If you could change one thing about the first 10 years of your marriage, what would it be?

—Nico


“This is my beloved and this is my friend.” —A wise wife in Song of Songs 5:16

March 12, 1988, was one of the most important days of my life, right after the day of my birth and the day of my new birth as a Christian. It was on that day that I had my first date with Grace.

We were both 17 and could not have fathomed where we are today, with five kids and a ministry trying to help others with honest, practical, biblical teaching. My relationship with Grace involves numerous roles, but one that we both cherish is our friendship.

Our relationship started as a friendship, but somewhere along the way got stuck. We talk about some of this in honest detail in Real Marriage, but the big idea is that we did not pull the weeds in our friendship, and pretty soon it began to wither.

In more recent years, by God’s grace, we have been hard at work to pull those weeds, and our friendship has flourished as a result. We dedicate an entire chapter in Real Marriage to friendship, and it’s the favorite chapter for us both.

Reflecting on friendship in marriage more recently, I can think of seven reasons why friendship is essential to a healthy and happy marriage.

1. Friendship makes a marriage more resilient.

Many relationships come and go. When we are in school, for example, some relationships feel incredibly close and important, but then we graduate and never again speak with the people who filled up our yearbook with declarations of lifelong friendship.

When we are in the workplace, we can spend so many hours together with co-workers that it seems like they are near and dear friends. But once we get another job, we never return to our old place of employment and quickly lose touch with nearly everyone we used to eat lunch with on a regular basis.

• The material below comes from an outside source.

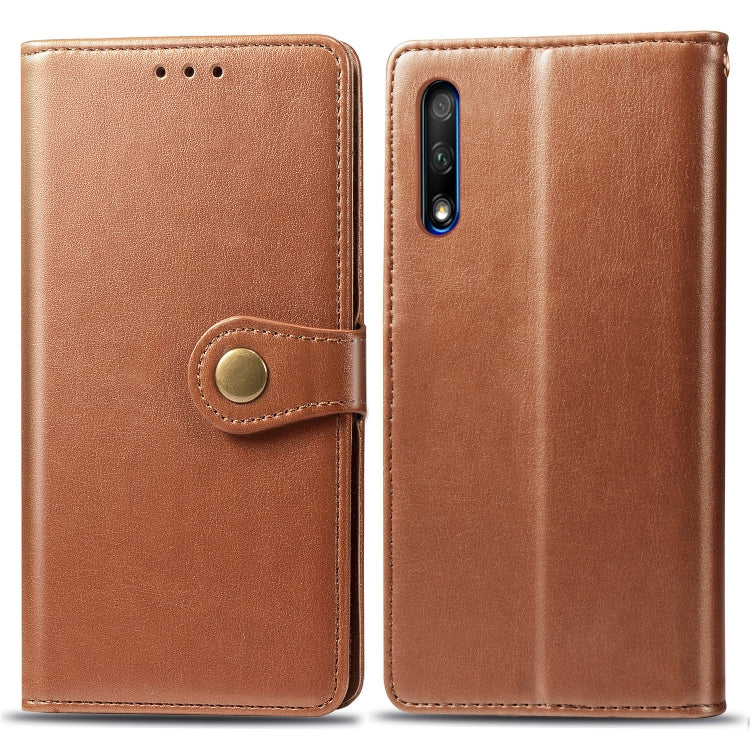 Retro Solid Color Leather Buckle Mobile Phone Protection Leather Case with Lanyard & Photo Frame & Card Slot & Wallet & Bracket Function for Huawei Honor 9X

If we look back on our lives, the relationships that are most likely to endure transition through such things as life stages, employment and geography are friendships. When we have true friendships, we endure a lot more to keep those relationships, and as a result they are more resilient.

Subsequently, when a husband and wife have a genuine friendship that they have invested in and are committed to, their marriage will be more resilient. It will endure the ups and downs, trials and temptations, and celebrations and frustrations that life brings, because that is what friends do: They hang in there.

2. Friendship makes a marriage more natural.

When someone is your friend, they do not have to push themselves into your life or pull you into theirs. With friends, the door to your life is just open.

Friends call, drop by, check in and ask favors pretty much whenever they need to. When you are going to do something fun, you reach for your friend. When you’ve had a rough day, you reach for your friend. When you are facing a big decision, you reach for your friend. When something wonderful happens and you have to share it, you reach for your friend.

When we have true friendships, we endure a lot more to keep those relationships, and as a result they are more resilient.

When a husband and wife are friends, life together is simply more natural. They just communicate more, hang out more, share more and do more together. This is not because they have to, but because they want to. This is not because it is a duty, but because it is a delight.